The military will endeavor to:

  1. Foster regional activity,
  2. Defend the Coalition and its allies,
  3. Represent the power, influence, and policies of the Coalition abroad,
  4. Protect innocent regions from attack,
  5. Promote legitimate, native democratic institutions across the world

A simplified Defence Act, inspired by Belschaft’s draft but strengthening defender provisions and removing mentions to the General Corps.


Defence Act
An act to establish a regional military and regulate its scope of mission

1. General Provisions

(1) This law is a constitutional law and has precedence over all general laws and regulations.

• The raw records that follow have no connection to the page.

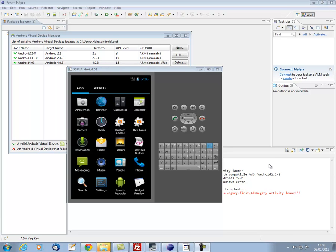Hello, this is Alan Hale coming to you from the west coast of Wales. In this video I'm going to explain how to set up an integrated development environment, an IDE, in which you can produce applications or apps for the Android platform.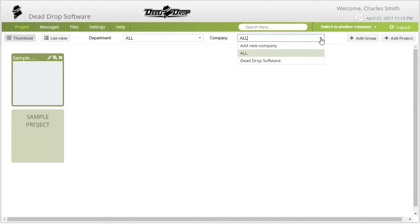That is how to filter the list of projects in DadDrop. Thanks for watching.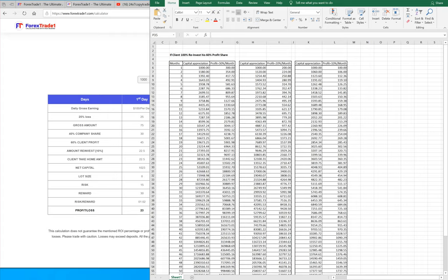Hello traders, welcome once again to Forex Trade One. In this video we will understand that when a client joins the service, we have three risk preferences where the client can choose from their respective trading strategy. As you can see on the screen, the client can select a 10% a month return, 20% a month return, and 30% a month return.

(2) This law considers the following terms:

  1. Portfolio Minister - the minister appointed by the Prime Minister to oversee the portfolio related to the military.
  2. Offensive Operation - any operation whose effect is the attack, destruction, vandalisation, subjugation, or colonisation of a region.
  3. Hostile Act - actions that have a material detrimental effect over the Coalition or its interests, or rhetoric that can be reasonably read as inciting the commission of hostile acts by others.

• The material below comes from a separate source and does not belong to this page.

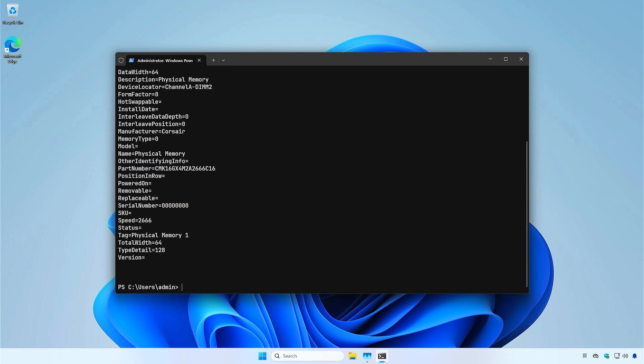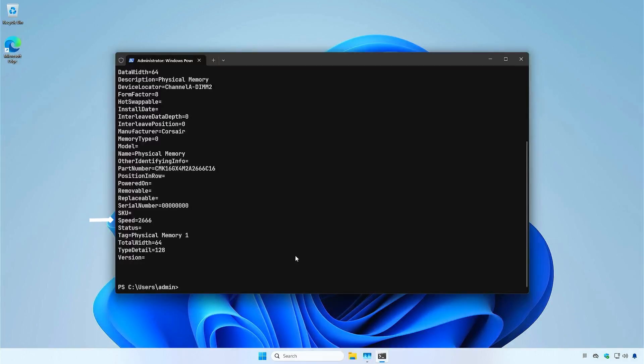The result will include additional information such as data width, manufacturer, part number, and RAM speed.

2. Establishment of a Regional Military

(1) The Special Forces are the sole regional military.

(2) The Prime Minister is the commander-in-chief of the Special Forces and exercises civilian command and control over it.

(3) The Prime Minister may issue lawful orders to the Special Forces, and no member of the same may refuse such lawful order subject to penalties that may be established by law or regulation.

(4) The Prime Minister may issue regulations as they deem necessary to ensure the proper recruitment, maintenance, and overall functioning of the Special Forces in accordance with its scope of mission and regional interests.

(5) The Prime Minister appoints a body of no less than three senior commanders for a term of twelve months, with the approval of the Assembly, to provide military advice and exercise operational command over the Special Forces.

(56) The Portfolio Minister, if one is appointed, may act in the name of the Prime Minister for the purposes of this law, but the Prime Minister retains the authority to overrule any such actions.

3. Scope of Mission

(1) The Special Forces protect the Coalition and its allies, as lawfully directed by civilian and military leadership.

(2) The Special Forces conduct their operations consistent with the objectives of protecting innocent regions from attack, and promoting legitimate, native, democratic institutions abroad.

(3) The Special Forces may not engage in offensive operations except in cases where the Prime Minister directed such action towards any the following:

  1. Regions that espouse hateful ideologies.
  2. Regions against with the Coalition is in a state of war, as declared by the Assembly.
  3. Regions that have committed hostile acts against the Coalition.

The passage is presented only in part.